Published November 21,2023
European Council President Charles Michel (AFP Photo)
European Council President Charles Michel has warned Ukraine that a quick decision on the start of EU accession negotiations with the country should not be taken for granted.

Some of the EU member states had made it clear that they "would like to think carefully" before they decide on the next step in the process, the Belgian politician said during a visit to Ukraine on Tuesday.

Michel said that the member states were continuing to "work very hard to try to build a united position in the European Council" before the EU summit in December.

However, he emphasized that "the political difficulties" should not be underestimated and added that hard budgetary decisions would have to be made at the same time.

Michel did not say which EU states could block the start of accession negotiations for the country, which has been resisting an all-out Russian invasion since February 2022.

He also pointed out that there was a view among a few members that more needed to be done to accelerate the process for Western Balkan states, like Bosnia-Herzegovina. Some of these countries were promised accession more than 20 years ago.

Michel had held informal talks with numerous EU heads of state and government in the past few days and plans to talk to Ukrainian President Volodymyr Zelensky during his visit to Kiev.

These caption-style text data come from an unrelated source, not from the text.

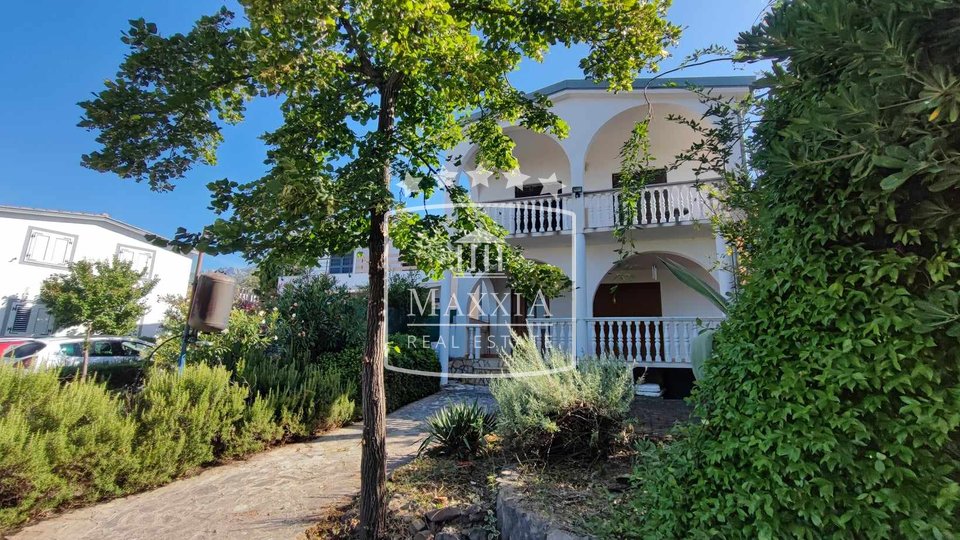 Seline - geräumiges Haus ca. 100 m vom Strand entfernt, Aussicht! 249000€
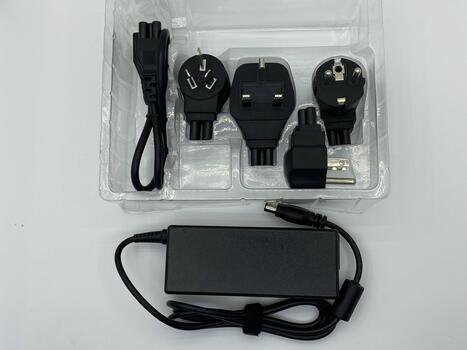 Блок питания для ноутбука HP 90W 18.5V 4.9A 6x12mm Oval type PPP014H OEM - фото 2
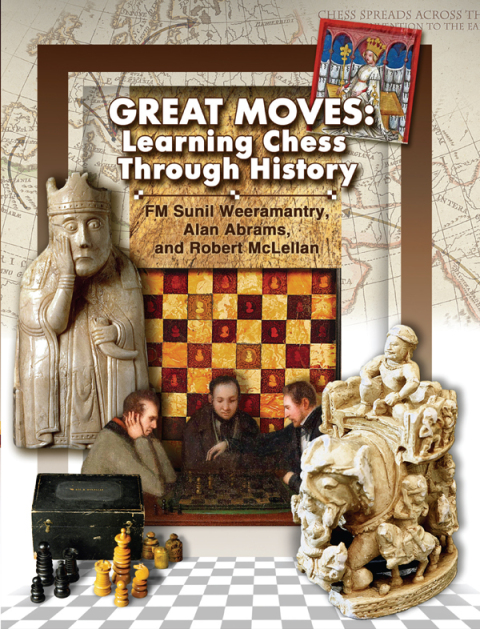 Cover image for book Great Moves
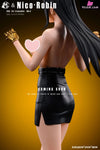 One Piece Nico Robin Cos Crocodile Resin Statue - Gm Studio [Pre - Order]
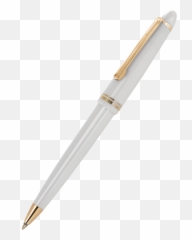 Alpine Gold Trim Ball Pens Full Size Png Download Seekpng - 2019 Lxt Softball Bat,Gold Trim Png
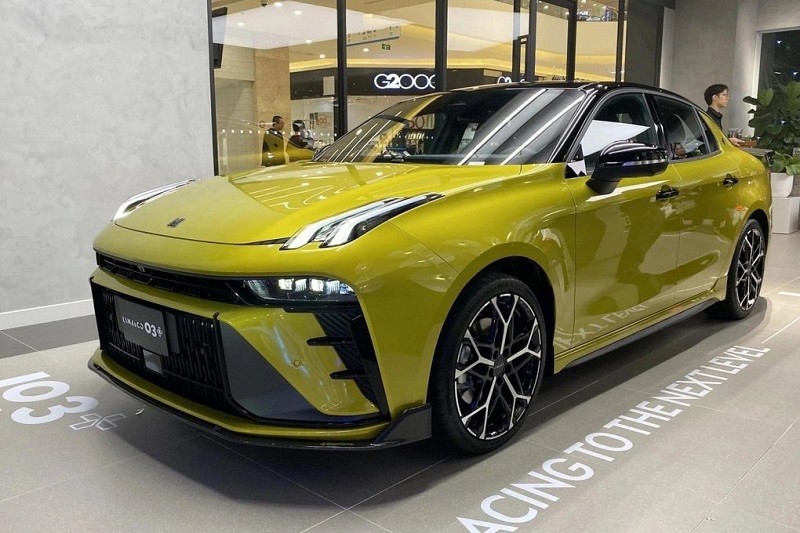 Điểm mặt những mẫu ô tô Trung Quốc có thể về Việt Nam trong năm 2024 Điểm mặt những mẫu ô tô Trung Quốc có thể về Việt Nam trong năm 2024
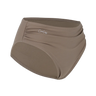 Mørk beige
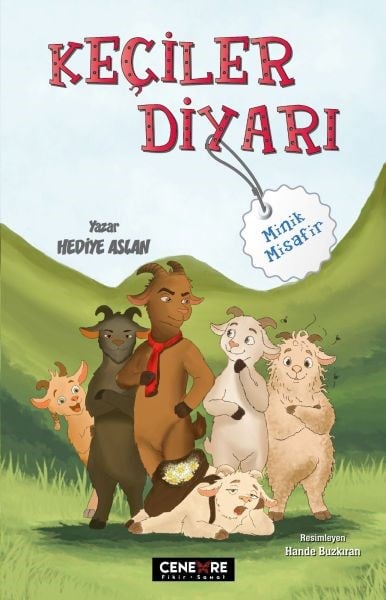 Keçiler Diyarı “Minik Misafir”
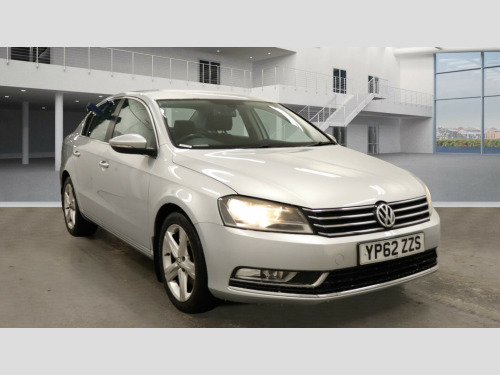 Volkswagen Passat  2.0 TDI BlueMotion Tech SE Euro 5 (s/s) 4dr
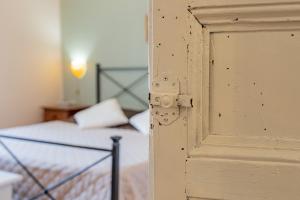 A bed or beds in a room at Agliata 138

The top EU official recently caused a stir when he said that, in his view, Ukraine could be part of the EU as soon as 2030 if the country implements the necessary reforms, fights corruption and meets the legal requirements.

The European Council granted Ukraine the status of a candidate for accession to the European Union in June 2022. Kiev is currently waiting for a decision on formally starting accession negotiations.

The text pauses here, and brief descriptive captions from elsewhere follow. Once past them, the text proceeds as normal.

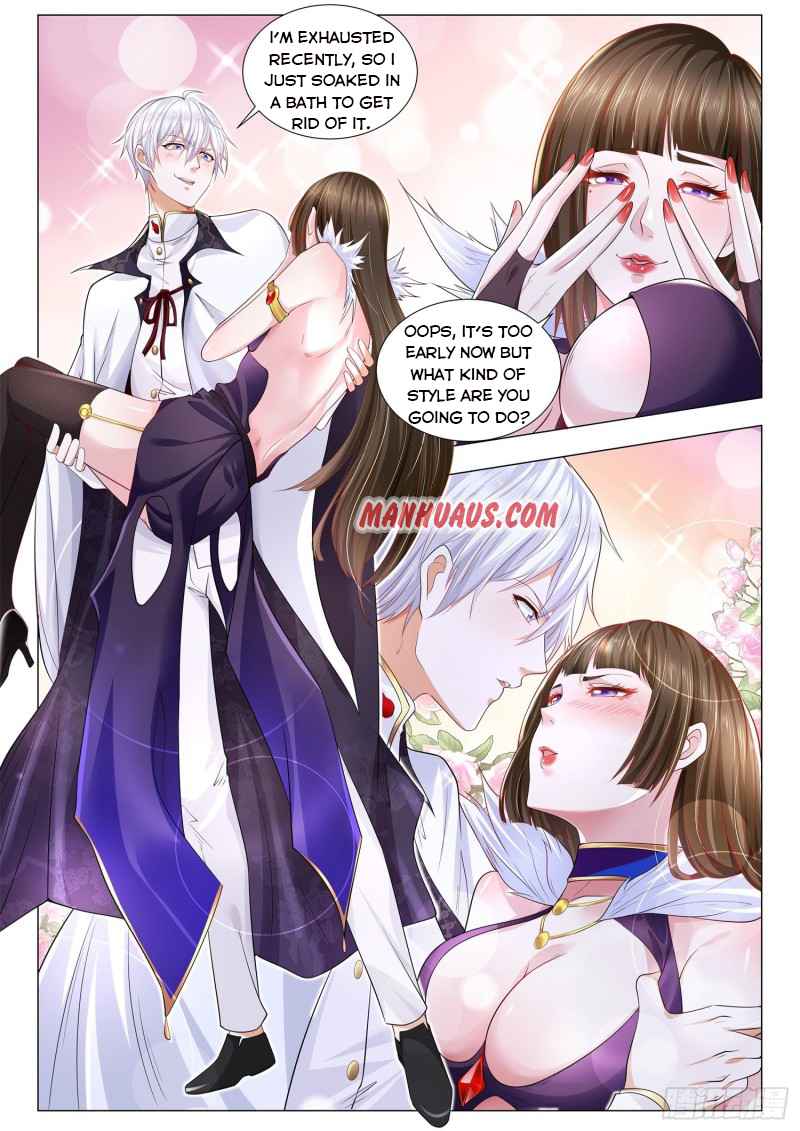 Divine Hero’s Skyfall System Chapter 292 page 9
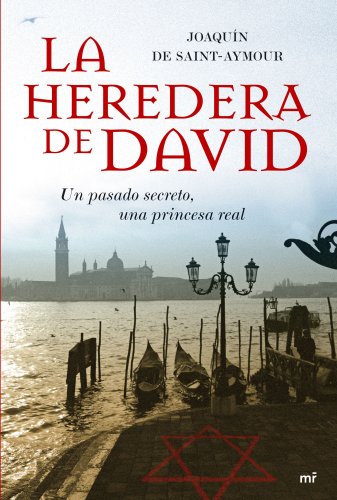 Stock image for LA HEREDERA DE DAVID for sale by KALAMO LIBROS, S.L.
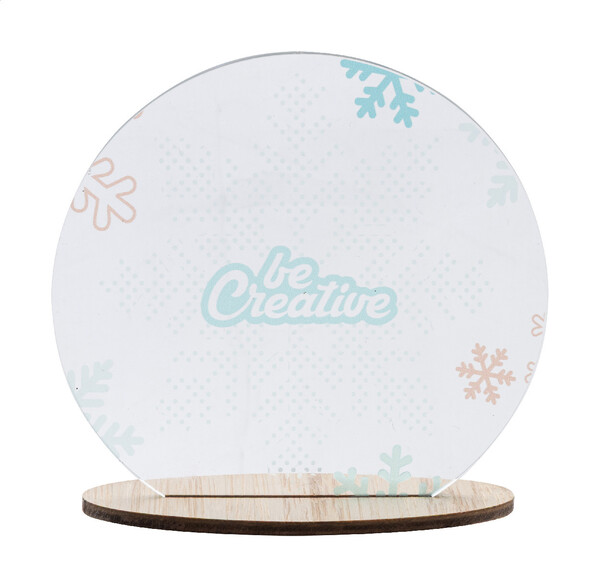 Custom Christmas Decoration Glophy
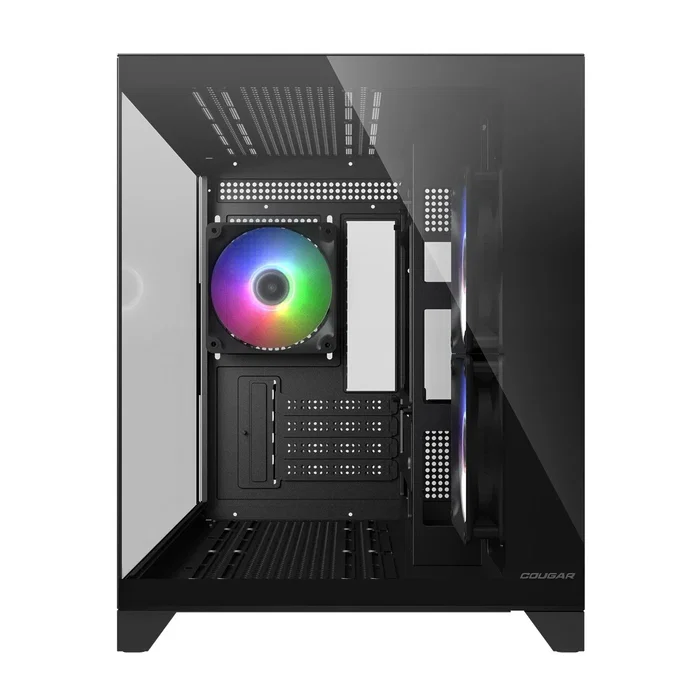 Cougar FV150 Mini Tower ARGB Negro Cougar FV150 Mini Tower ARGB Negro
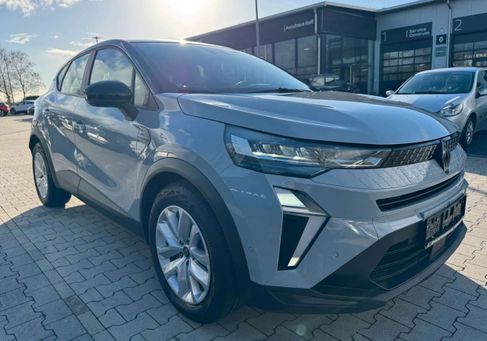 Renault Captur, 2025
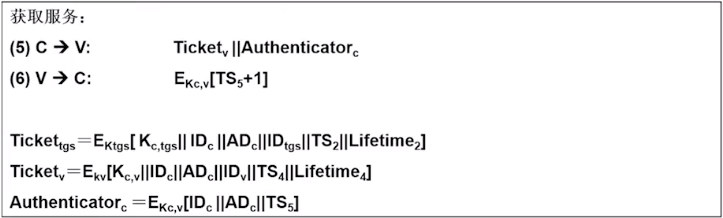 Java Kerberos 协议 kerberos协议的原理_服务器_07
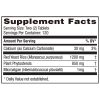 Weider Red Yeast Rice Plus 1200 mg. - 240 Tablets - Image 3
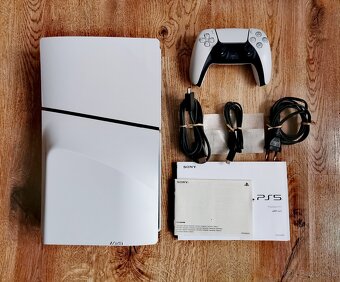 Ps5 Slim 1TB Disk Verzia - 10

The European Commission recommended this step in principle two weeks ago, but the governments of the EU countries still have to agree to it. A decision is expected to be made at the last regular summit of EU leaders on December 14 and 15.

Michel is visiting as Ukraine marks 10 years since the start of the of Euromaidan protests that swept the country. They were triggered by pro-Russian president Viktor Yanukovych's decision not to sign an association agreement with the EU.

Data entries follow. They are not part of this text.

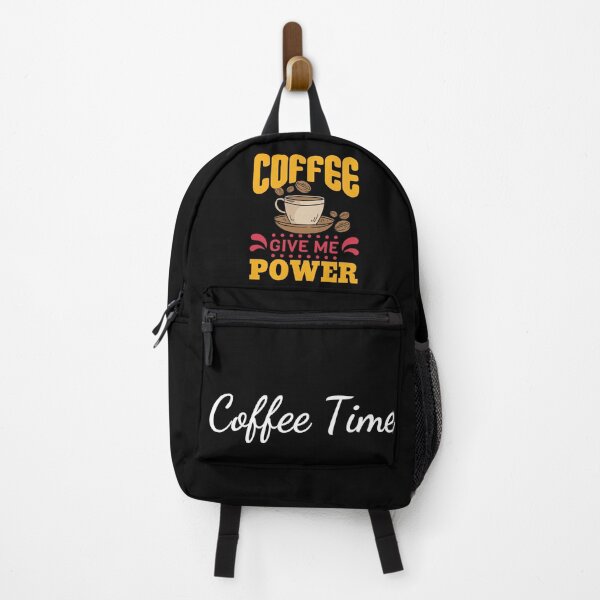 Item preview, Coffee Give Me Power designed and sold by My Cool Store.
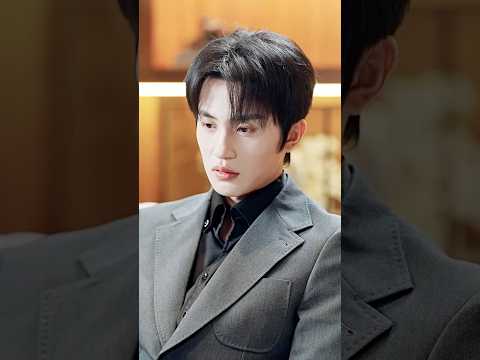 He came to hold the line for her❣️#atv45 #dramabox #shorts #cdrama #drama #fyp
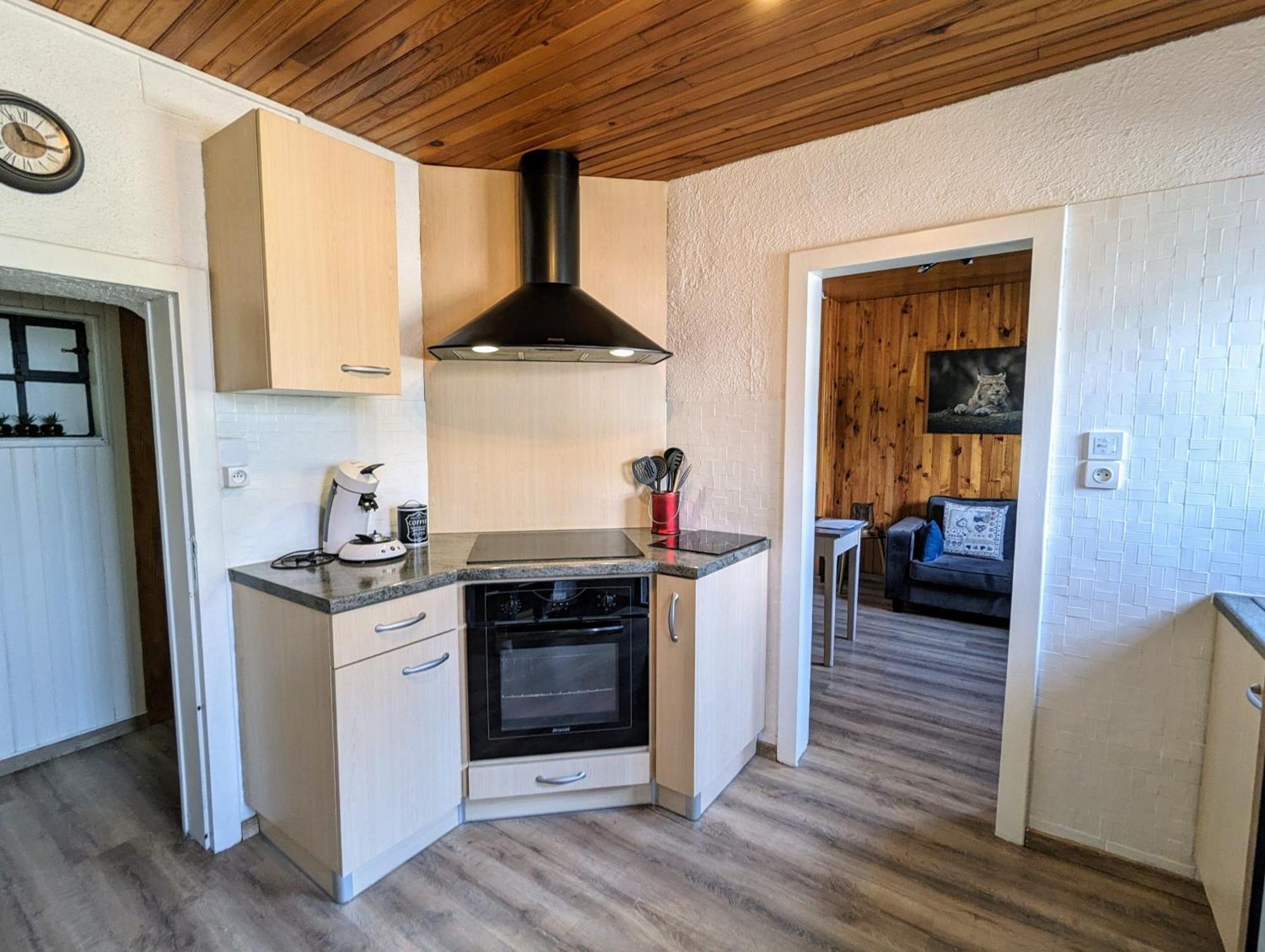 Charmant Appartement A Gérardmer Extérieur photo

Michel said Ukrainian protesters had died at the hands of Yanukovych's security forces because they believed in "European values" and wanted a free future.

"And that's why this moment is an important one and that's why I will also try to use this momentum to express this conviction that the EU will be safer and stronger with Ukraine within the EU," he said.

Zelensky paid tribute to the 2013 protests on Tuesday, saying they were the "the first counteroffensive" against Russia.

Zelensky described the civil unrest that erupted in the autumn of that year as a fight against autocratic lawlessness and for a European future.

"Year after year, step by step, we are doing everything we can to ensure that one day our star will also shine among the stars of the EU flag. The star of Ukraine," Zelensky said.

German Defence Minister Boris Pistorius was also in Kiev in a show of support for Ukraine, as a potentially brutal winter looms and the world's attention is turned toward the Middle East.

The visit is the second for Pistorius since taking up his post in February, and comes just hours after U.S. Defense Secretary Lloyd Austin visited the Ukrainian capital.

Pistorius is to meet Ukrainian Defence Minister Rustem Umerov.

Eastern Ukraine was again struck by Russian bombardment from the air on Monday night.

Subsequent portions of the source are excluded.